非实数

原文

A while ago, I posted an article about the 19th and early 20th century quest to derive mathematics from the principles of formal logic. We kicked off with Peano arithmetic, which built natural numbers from two ad-hoc constructs: an element representing zero and an abstract “successor” function S(…).

Later, we leaned on set theory to encode the underlying structure of these symbols. This netted us a hierarchy of set-theoretic natural numbers known as ordinals. It also led to an interesting insight: if we allowed the existence of infinite sets, then the set of all natural numbers (ℕ) itself had the structure of an ordinal. In the article, we labeled this infinite number ω and demonstrated that it could be manipulated using the same arithmetic rules as finite numbers, but that it sometimes behaved in wacky ways. For example, we established that ω + 1 ≠ 1 + ω.

We also touched on various methods of reasoning about the magnitude of ordinals and showed that these approaches diverge from each other in the realm of infinities. In particular, we talked about Georg Cantor’s notion of cardinality, which put many distinct infinite ordinals in the same size class, but indicated that there’s a fundamental difference in scale between the set of natural numbers and the set of reals (ℝ).

If you haven’t read the article but are intrigued, I strongly encourage you to give it a go (link). I think it’s an excellent and accessible introduction; if you need an endorsement, the brain trust over at HN called it “watered down” and “slop”.

If you’re up to speed, there might be one thing that’s bugging you: we carefully defined natural numbers from first principles, but then pulled reals out of a hat. This is a gap worth addressing, because as it turns out, real numbers are profoundly weird.

As a reminder, in the earlier article, we constructed a succession of natural numbers by conjuring an object representing zero and then successively applying function S(…) to it:

\(\begin{align} 1 &:= S(0) \\ 2 &:= S(1) = S(S(0)) \\ 3 &:= S(2) = S(S(S(0))) \\ 4 &:= S(3) = S(S(S(S(0)))) \\ &... \end{align} \)

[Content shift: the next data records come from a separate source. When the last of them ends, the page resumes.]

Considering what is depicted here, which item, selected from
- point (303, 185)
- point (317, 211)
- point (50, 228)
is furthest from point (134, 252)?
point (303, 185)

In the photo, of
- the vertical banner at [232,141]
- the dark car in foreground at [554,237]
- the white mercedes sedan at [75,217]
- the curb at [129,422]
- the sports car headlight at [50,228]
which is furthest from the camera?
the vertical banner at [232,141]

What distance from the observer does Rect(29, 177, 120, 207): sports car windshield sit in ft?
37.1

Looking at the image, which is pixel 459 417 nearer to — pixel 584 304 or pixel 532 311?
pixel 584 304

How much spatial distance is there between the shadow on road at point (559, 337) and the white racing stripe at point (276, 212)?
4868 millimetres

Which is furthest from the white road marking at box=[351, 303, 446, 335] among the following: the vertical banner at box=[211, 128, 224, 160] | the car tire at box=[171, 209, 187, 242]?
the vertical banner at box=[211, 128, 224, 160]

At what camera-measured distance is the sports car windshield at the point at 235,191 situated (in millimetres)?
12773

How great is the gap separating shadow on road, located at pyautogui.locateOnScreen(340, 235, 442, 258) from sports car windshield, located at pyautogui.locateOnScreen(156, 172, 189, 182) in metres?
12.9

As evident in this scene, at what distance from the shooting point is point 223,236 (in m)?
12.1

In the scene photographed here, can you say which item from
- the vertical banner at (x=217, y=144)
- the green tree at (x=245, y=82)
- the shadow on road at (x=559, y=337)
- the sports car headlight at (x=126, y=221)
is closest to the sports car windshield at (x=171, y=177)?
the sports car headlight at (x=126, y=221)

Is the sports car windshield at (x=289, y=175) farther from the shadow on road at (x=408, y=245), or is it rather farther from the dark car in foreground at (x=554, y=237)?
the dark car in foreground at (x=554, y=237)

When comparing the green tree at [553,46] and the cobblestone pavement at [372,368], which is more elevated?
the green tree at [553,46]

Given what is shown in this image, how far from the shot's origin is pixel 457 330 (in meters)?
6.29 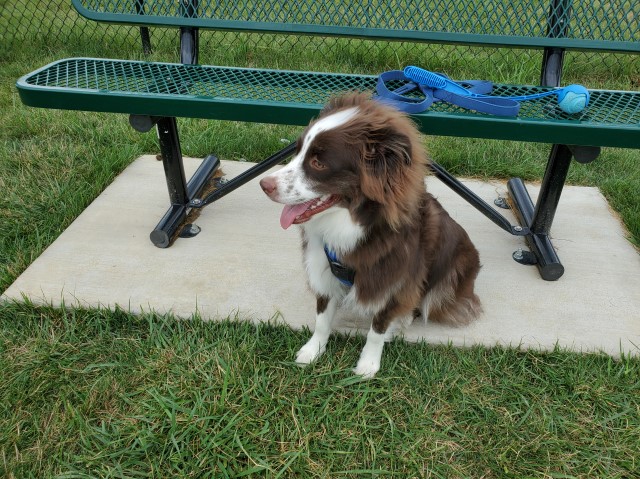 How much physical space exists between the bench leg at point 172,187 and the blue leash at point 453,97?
1.22m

The “:=” operator means “is defined as”. Elsewhere, you might see this written as ≝, ≜, or a regular =.

In Peano arithmetic, the label “0” and the successor function S(…) have no deeper meaning: they are just “things” with a couple of common-sense properties spelled out. All the notation indicates is that every subsequent label has some fixed relationship to the one that came before. In the set-theoretic approach we switched to later, we defined these concepts with more precision, but this detail doesn’t matter now.

The important point is that in both models, the successor relationship allowed us to define the behavior of the “+” operator using a pair of simple substitution rules:

\(\begin{alignat}{1} a &+ 0 \;&&:=\; a&&\qquad (\textrm{rule 1}) \\ a &+ S(b) \;&&:=\; S(a+b) &&\qquad ( \textrm{rule 2}) \end{alignat}\)

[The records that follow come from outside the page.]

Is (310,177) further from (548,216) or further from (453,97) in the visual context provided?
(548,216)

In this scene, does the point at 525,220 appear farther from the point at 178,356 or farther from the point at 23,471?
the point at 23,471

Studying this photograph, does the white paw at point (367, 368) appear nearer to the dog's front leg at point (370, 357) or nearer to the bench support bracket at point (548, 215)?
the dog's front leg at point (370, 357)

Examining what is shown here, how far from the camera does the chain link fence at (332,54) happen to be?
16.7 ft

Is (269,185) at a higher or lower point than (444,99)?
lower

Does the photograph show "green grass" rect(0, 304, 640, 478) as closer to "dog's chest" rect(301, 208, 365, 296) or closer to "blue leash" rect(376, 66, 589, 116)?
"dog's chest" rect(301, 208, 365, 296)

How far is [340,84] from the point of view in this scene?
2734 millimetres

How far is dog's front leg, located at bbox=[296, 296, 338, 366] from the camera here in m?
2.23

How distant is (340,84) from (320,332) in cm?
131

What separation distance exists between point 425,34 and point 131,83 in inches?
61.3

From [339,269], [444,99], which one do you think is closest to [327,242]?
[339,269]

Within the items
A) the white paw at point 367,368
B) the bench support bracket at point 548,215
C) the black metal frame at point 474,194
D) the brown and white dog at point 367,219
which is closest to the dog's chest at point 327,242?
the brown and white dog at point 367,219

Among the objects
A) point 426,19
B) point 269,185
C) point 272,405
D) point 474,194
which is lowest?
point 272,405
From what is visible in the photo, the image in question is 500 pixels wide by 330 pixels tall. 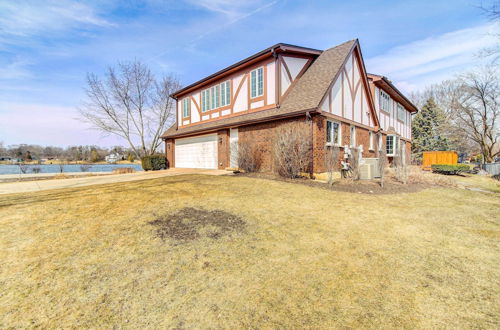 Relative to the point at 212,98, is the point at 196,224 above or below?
below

Although the rules may seem cryptic, they effectively just codify that adding zero is a no-op and that a + (b + 1) is the same as as (a + b) + 1.

This ruleset lets anyone solve problems such as 2 + 2 without any assumptions about the fundamental meaning of “2” or “+”. To illustrate, from the definition of Peano numbers, we note that “2” is the same as S(1), so 2 + 2 can be restated as 2 + S(1). Switching to that form allows us to apply rule #2, in turn rewriting 2 + S(1) as S(2 + 1):

\(2 + 2 = 2 + S(1) = S(2 + 1)\)

After that, we can apply the same steps again to expand the nested 2 + 1 sum:

\(S(2+1) = S(2 + S(0)) = S(S(2 + 0))\)

We now have a doubly-nested sum involving zero, so we can apply rule #1, getting rid of the sum (2 + 0 = 2) and “unwinding” the successor functions to arrive at the result:

\(2 + 2 = S(S(2+0)) = S(S(2)) = S(3) = 4\)

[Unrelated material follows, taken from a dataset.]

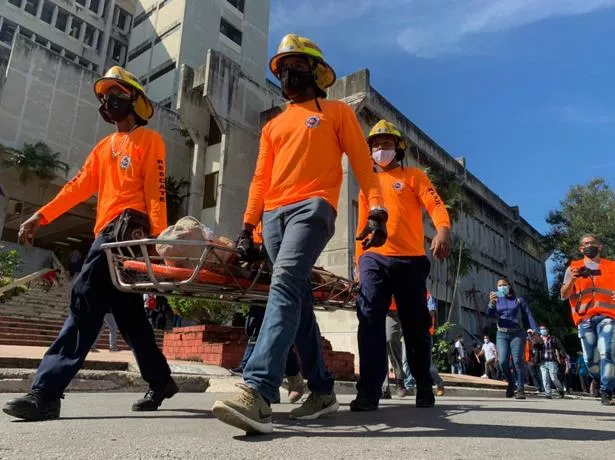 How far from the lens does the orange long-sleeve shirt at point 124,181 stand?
10.7 ft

Again, if you’re interested in a more detailed walkthrough, including C code that explains the process in programmer-friendly terms, check out the article linked earlier on.

What we haven’t covered in that article is that we can use a similar approach to recursively define multiplication for natural numbers:

\(\begin{alignat}{1} a &\cdot 0 \;&&:=\; 0 &&\qquad (\textrm{rule 1}) \\ a & \cdot S(b) \;&&:=\; a \cdot b + a &&\qquad ( \textrm{rule 2}) \end{alignat}\)

In effect, without having to explicitly define subtraction, we’re saying that a · b can be rewritten as a · (b-1) + a, and that this expansion should be continued until we get to a · 0. At that point, the multiplication part works out to zero, so we just unwind the stack and gather all the “+ a” terms. This will come in handy in a while.

A major hurdle on our path toward a complete system of arithmetic is that natural numbers can’t represent negative values. This means that if we attempt to define subtraction, many results will not have an in-system representation, throwing a wrench in the works.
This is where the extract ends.